The biggest feature in Caddy 2, from what I can tell, is the new HTTP config API, and I'd love to see a practical example of what could be done with that.
Don't worry about the "additional complexity" -- config adapters are modular, and only the Caddyfile adapter is baked into the standard modules. Just plug in the adapters you need. Caddy functionality can grow rather infinitely without bloat because of this.
True, the Caddyfile adapter is a bit of a beast because it is extensible itself -- but it's a lot cleaner and more flexible than the v1 implementation, where the Caddyfile was its native config syntax.
Believe me, this is a big improvement.
Anyway, you don't have to use the adapters if you don't want to.
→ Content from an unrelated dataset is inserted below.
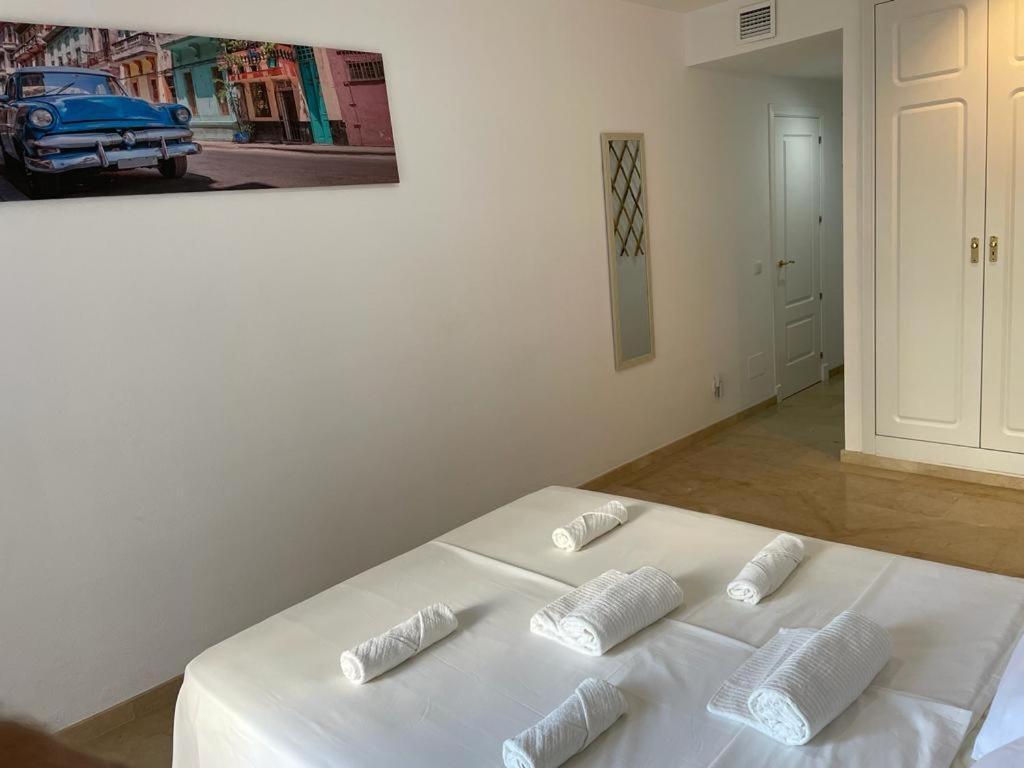 Beach Apartment In La Duquesa Marina Castillo de Sabinillas المظهر الخارجي الصورة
That's the beauty of it.
More info on the architecture and config adapters:
Caddyfile is the primary supported DSL. The rest are nearly 1:1 mappings to the internal JSON with some sugar, except for the nginx config adapter which is a bit special! For example jsonc provides JSON, but with comments.
A few of those are third party maintained, and are plugins. They're listed on that page to point out what's possible.
Same here! We are huge fans of Caddy at Narration Box (https://narrationbox.com) and we are considering replacing NGINX completely in our Django production stack. (Currently we only use Caddy for development and staging) The author of Caddy, Matt Holt, is a really great person and is extremely responsive on Twitter and GitHub. Highly recommend checking them out.
Nginx requires too much configuration. It is very brittle if you do not have a full time DevOps person monitoring things. E.g. for production web apps, take a look at the amount of tooling that has been developed to manage Nginx:
This is not a criticism of Nginx per se, it comes from a time when Apache is the only other alternative and end-user UX is hardly priority. An analogy would be systemd and pm2, pm2 have few advantages over systemd on paper but in practice it has a much more pleasant UX and saner defaults even though it requires a separate installation on most servers while systemd is available by default. It is the difference between Heroku and AWS. For the 99th percentile of efficiency Nginx still beats Traefik and Caddy, but sometimes scaling servers is cheaper than hiring DevOps staff.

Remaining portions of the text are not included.